In this next episode of our series Rethinking Asia, we pick up where we left off last episode looking at the role of debt in China’s economy. We spoke with Charlene Chu, a senior partner for China macro-financial research at Autonomous Research, an independent research firm. Well known for her analysis of China’s shadow banking industry, Charlene previously was a senior director covering Chinese financial institutions at Fitch Ratings.
Charlene gave her assessment of the recent rise in Chinese debt and why she thinks a painless deleveraging is unlikely. While China has implemented some reforms in recent years, it has mostly avoided deleveraging. Previously, China relied on a high deposit base to support credit expansion, but new credit consistently outstrips deposit growth making the levels of credit growth unsustainable.

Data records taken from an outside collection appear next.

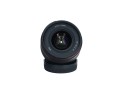 samyang_af_12mm_f20_sony_e_elp27331.jpg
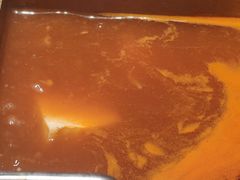 -海底捞火锅(武胜路凯德广场店)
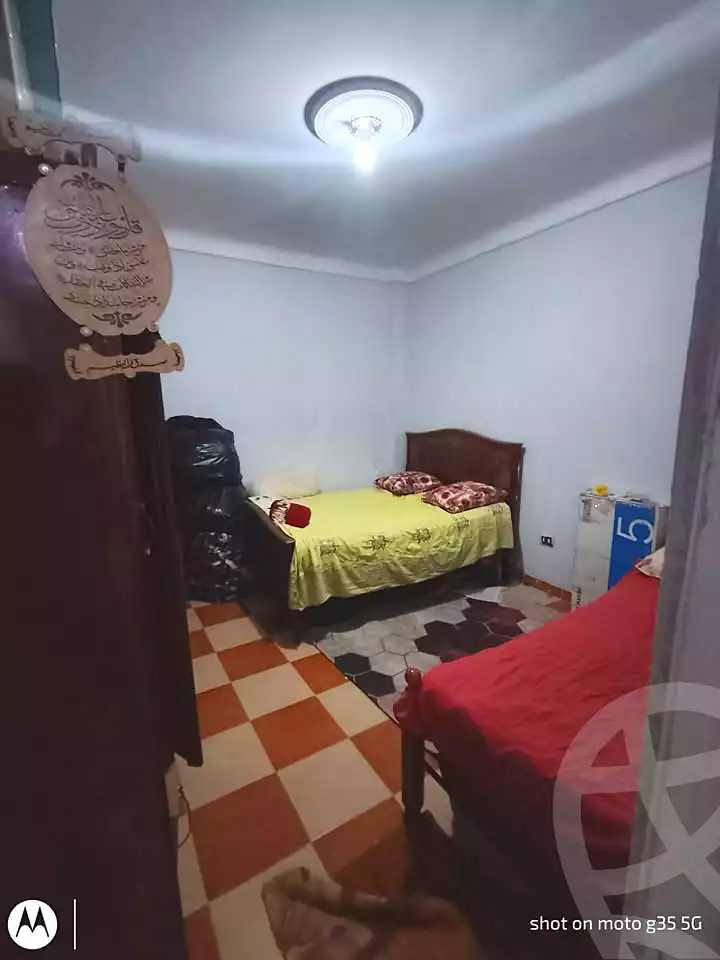 https://aqarmap.com.eg/en/listing/7189004-for-sale-alexandria-lsywf-el-falki-street-16-el-eslah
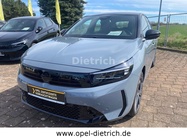 Opel Corsa 2026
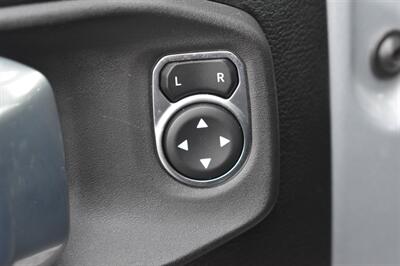 2022 Jeep Wrangler Unlimited Sport S   - Photo 18 - Heber City, UT 84032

Some of Charlene’s main takeaways include:
- China’s debt-to-GDP has increased by nearly 150 percentage points since the Global Financial Crisis, accompanied by a $30 trillion increase in the banking sector. While other countries have experienced large increases in debt-to-GDP before, the size and scale of China’s economy makes the growth alarming.
- The vast majority of China’s debt is in the corporate and property sectors. China has also experienced a run up in consumer debt over the last few years, but, currently there is no concern in households’ ability to service the debt.
- One of the most troubling aspects of China’s debt problem is the surge in the more opaque and less regulated shadow banking sector. However, the merging of two regulatory bodies should reduce some of the regulatory arbitrage that has allowed off balance sheet lending to grow.
- While a financial crisis is not preordained, Charlene dismissed the prospects of a “beautiful deleveraging.” Any attempts to deal with China’s debt burden will require hard decisions, including shuttering less productive companies by forcing them to realize losses, reining in shadow banking, capping credit growth, adjusting lending rates to account for risk, and accepting lower levels of GDP growth.